Bank officials in SF to discuss economy

SAN FRANCISCO

These banks are losing money and some admit they're losing millions of dollars, all because of this mortgage mess. While some lenders are already starting to alter their practices on how they lend out money, others who are dealing heavily with the sub-prime lenders may already be too late.

Everywhere you look it seems like home prices are falling, but it is still not enough, according to one banking analyst, to fix the mortgage crisis.

"Home prices have to adjust even more downward because the relationship between people's earnings and the home prices are still out of kilt," says analyst Les Muranyi.

Les Muranyi travels the country. His job is to rate the performance of banks. He has his own take on the current FBI investigation with Countrywide on possible securities fraud.

"I don't think the investigations will be limited to Countrywide bank. I think banks heavily involved in sub prime lending will be reviewed and investigated," says Muranyi.

What went wrong, Muranyi claims, is money hungry investors combined with eager lenders.

"It's the greed factor. Prices are going up and theyride that wave.
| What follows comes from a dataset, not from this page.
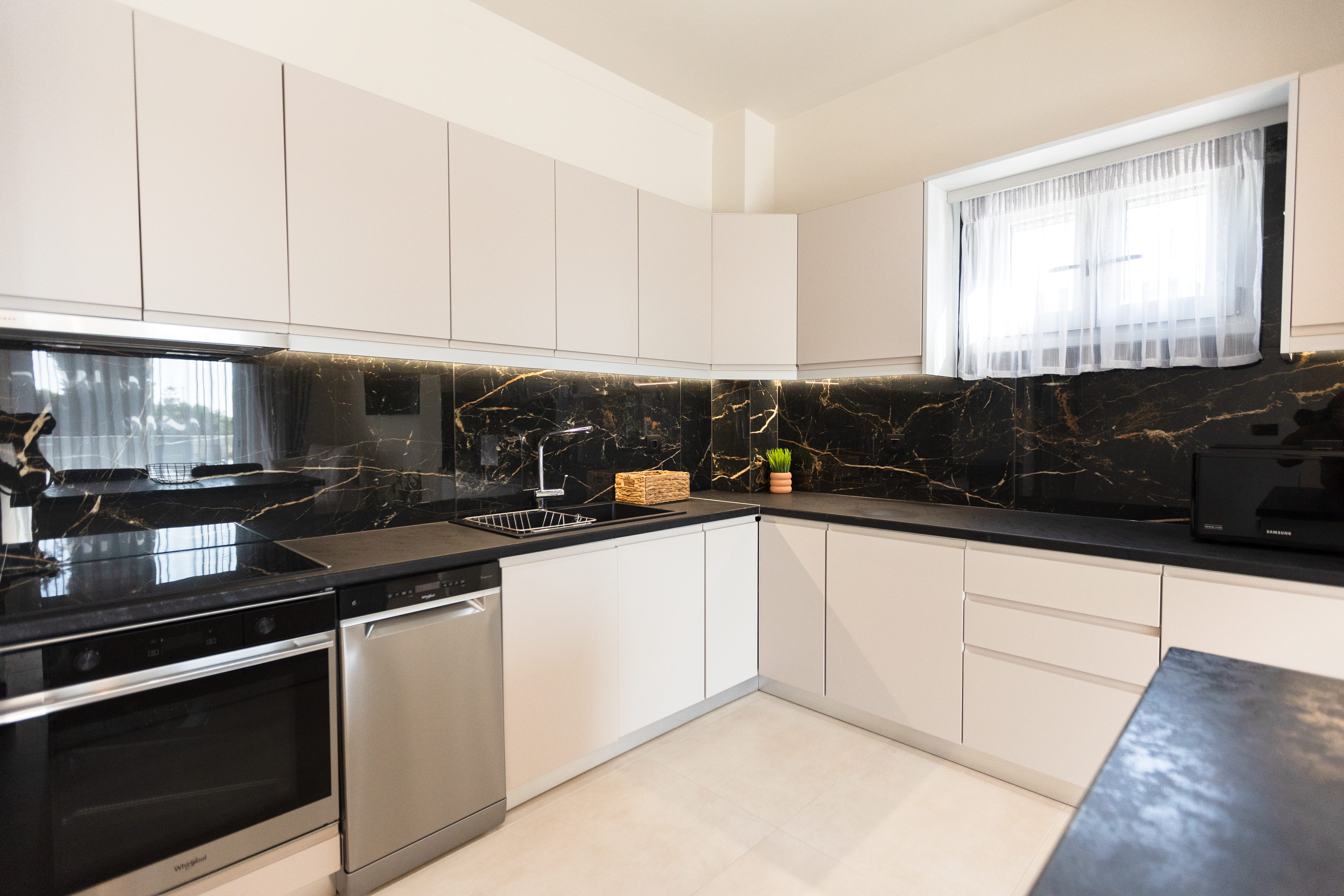 Fully equipped kitchen with black marble splashback at 4 bedroom Infinity Lefkas villa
So, wishful thinking that earnings will go up."

Despite the dark predictions, one of the world's largest banks, Wells Fargo, claims it is still loaning money out for homes, but restrictions are tight and it added business with subprime lenders last June.

"The problems are likely to get worse as time goes on. There are a lot of issues that drive that. One is the economy sliding towards a recession with a distant possibility of a depression," says Muranyi.

Wells Fargo did admit it is not immune problems of the mortgage mess. The bank admitted that out of its $22 billion dollar loan portfolio, it lost $18 million dollars last year.